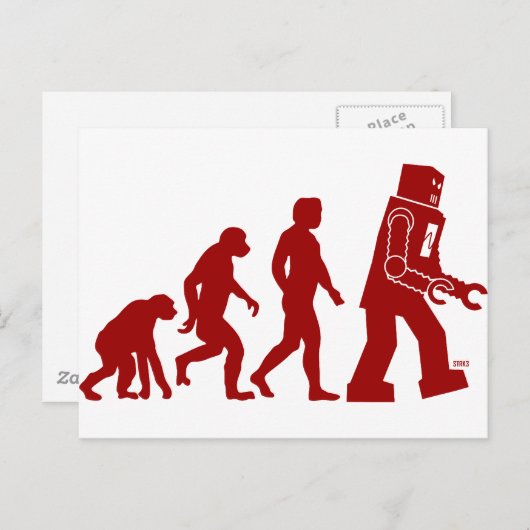 Roboter-Evolution - vom Menschen in Roboter Postkarte (Vorne/Hinten)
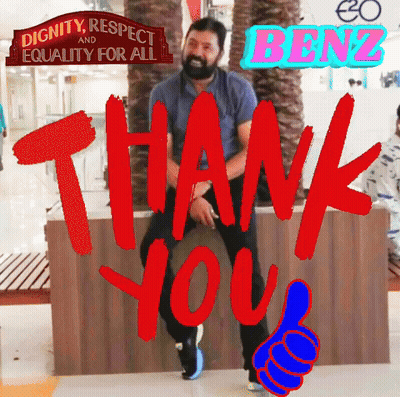 Man Sitting In Front Of Thank You Sign GIF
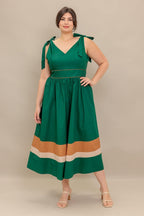 FOREST CHARM WOVEN COLOR BLOCKED MIDI DRESS Flying Tomato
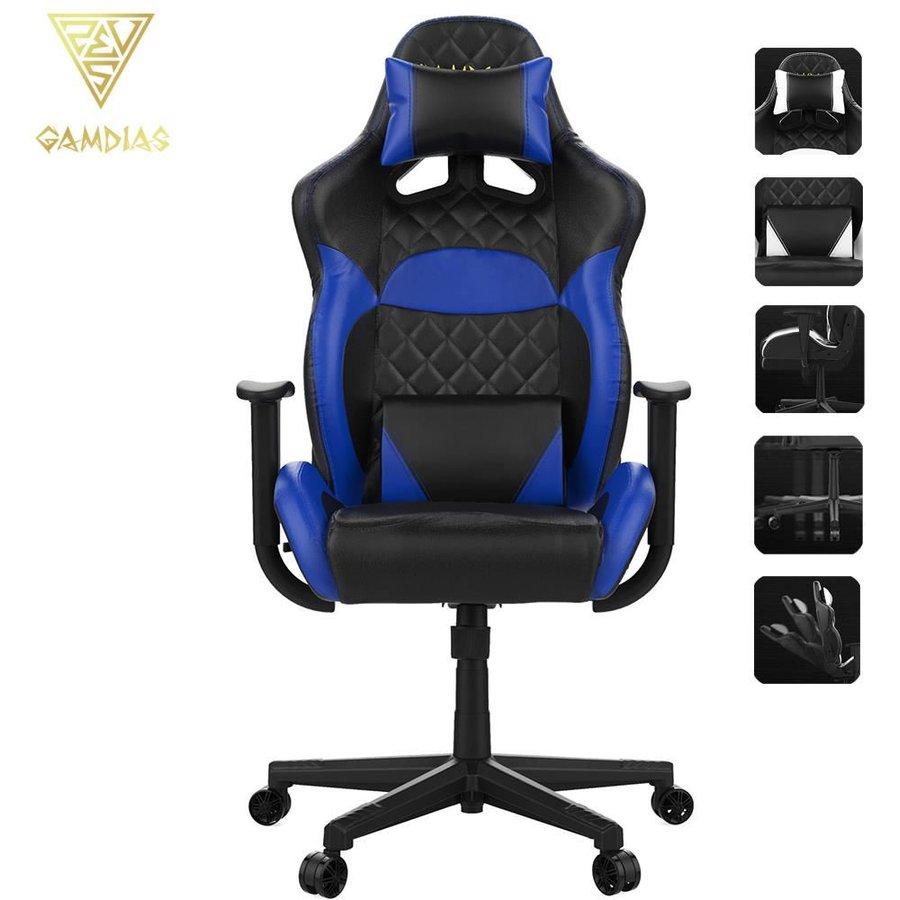 Scaun gaming Zelus E1 L Negru / Albastru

------------------------------------------------

> PROBLEM TO SOLVE
Repeat the material above in full and unchanged, minus its images.

> TASK SOLUTION
 Roboter-Evolution - vom Menschen in Roboter Postkarte (Vorne/Hinten)
 Man Sitting In Front Of Thank You Sign GIF
 FOREST CHARM WOVEN COLOR BLOCKED MIDI DRESS Flying Tomato
 Scaun gaming Zelus E1 L Negru / Albastru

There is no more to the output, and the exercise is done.